Regulatory Reform: The panelists opined that Canada’s environmental regulations – which are growing in number, overlapping, complex, and uncertain – may be acting as a deterrent to investment. While some of these policies are intended to help reduce greenhouse gas emissions, they may be discouraging important projects, including critical mineral and energy infrastructure projects, from getting off the ground. The panelists argued that it may be time to revisit Canada’s suite of environmental policies to see if they are the right mix for this moment in light of global developments including the incoming Trump administration.
Start From Scratch on our Tax Code: The changes to the capital gains inclusion rates, introduced in the 2024 Federal Budget, were called out as an example of a policy that discourages investment and entrepreneurship, including in the innovation economy and the construction sector, where Canada needs to do far more to boost its supply to improve housing affordability. In a larger context, Canada’s tax code is “a mess of credits and subsidies,” according to Beata. Our combined federal and provincial corporate and personal tax rates must be competitive with the United States if we are going to attract investment and prevent the loss of entrepreneurial talent to the US.

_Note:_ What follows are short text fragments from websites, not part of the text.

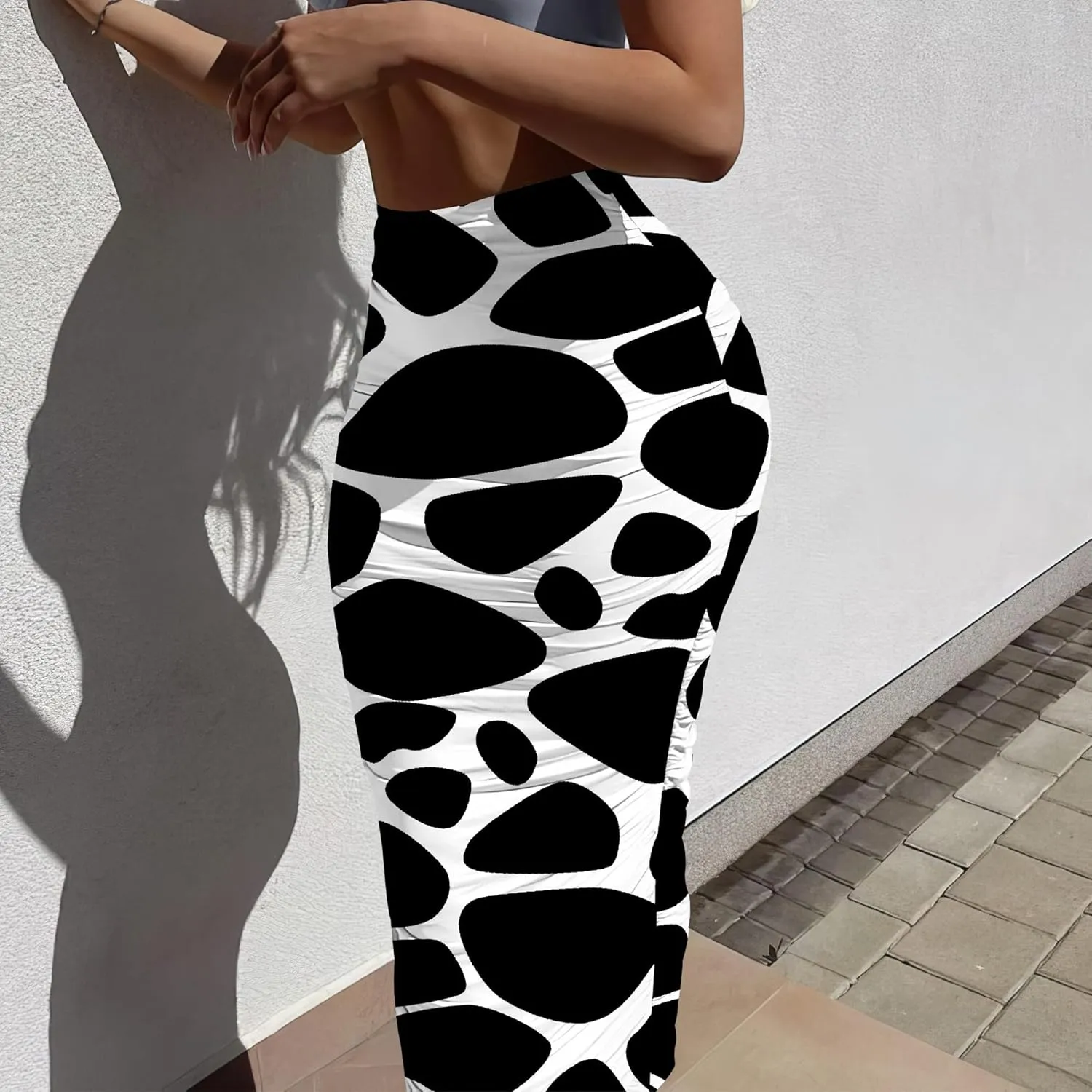 Bodycon Pencil Skirt for Women Slim fit Ruched High Waist Plus Size Midi Skirt Party Club Night Out Wrap Long Skirt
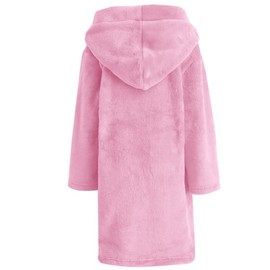 DNggAND Boys Girls Bathrobes,Toddler Boy Girl Robes,Children's Plush Soft Coral Fleece Hooded Pajamas Sleepwear for Kids Pink 13-14Y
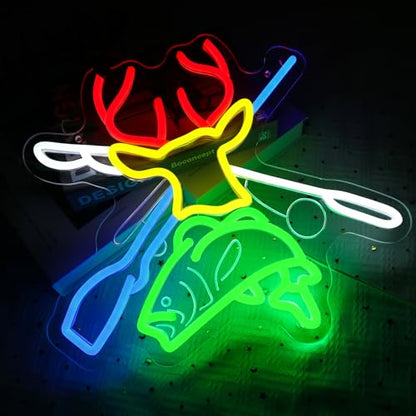 Deer Hunting Neon Sign for Wall Decor, Deer Head Led Signs for Bedroom, USB Dimmable Fish Hook Neon Lights for Man Cave Cabin Wall Accent Bar Home Pub Wildlife Hunting Wall Art - style: Deer Fish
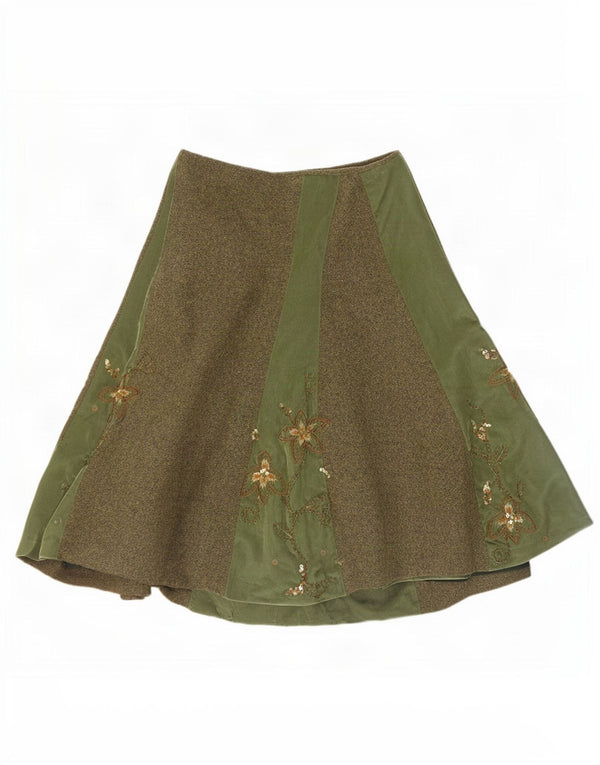 Monsoon Damen A-Linienrock UK 10 Small W30 Grün geblümt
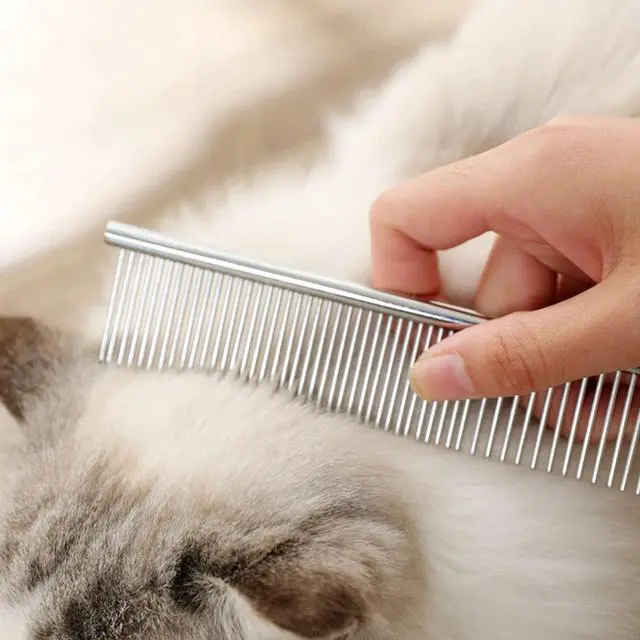 Alt view image 5 of 5 - Kopal Stainless Steel Comb Set for Dogs and Cats, Pet Metal Brusher, Silver, Pack of 3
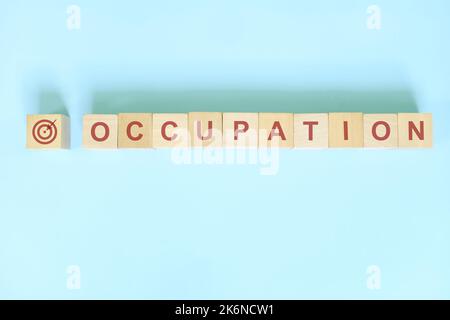 Demografische Beschäftigung Targeting für Business Marketing und Werbekonzept. Worttypografie flach lag auf blauem Hintergrund. Stockfoto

The panelists agreed that there have been enough studies and reports looking at the issue of tax competitiveness. Major tax reform needs to be on the top of the priority list in Ottawa and delivered in short order.
What’s In Store for 2025
Doug Porter of BMO pointed out that, with further interest rate cuts coming from the Bank of Canada in the year ahead, there was a scenario where the panel could be talking about potential economic growth in 2025 if it weren’t for the U.S. threat of tariffs. The economists all acknowledged that that Bank of Canada is not done, and there will be more interest rate cuts coming in the next year, with Frances Donald of RBC taking the position that the Bank’s overnight rate lands somewhere between 2 and 2.25%.
But that prediction is dependent on many unknowns. How the situation in Ottawa will play out over the coming months, and whether President-Trump follows through on his threats towards Canada, is still uncertain.
What is certain is that the next year represent a significant challenge to Canada and that we can no longer afford to wait to build a stronger, more resilient economy. The time for action is now.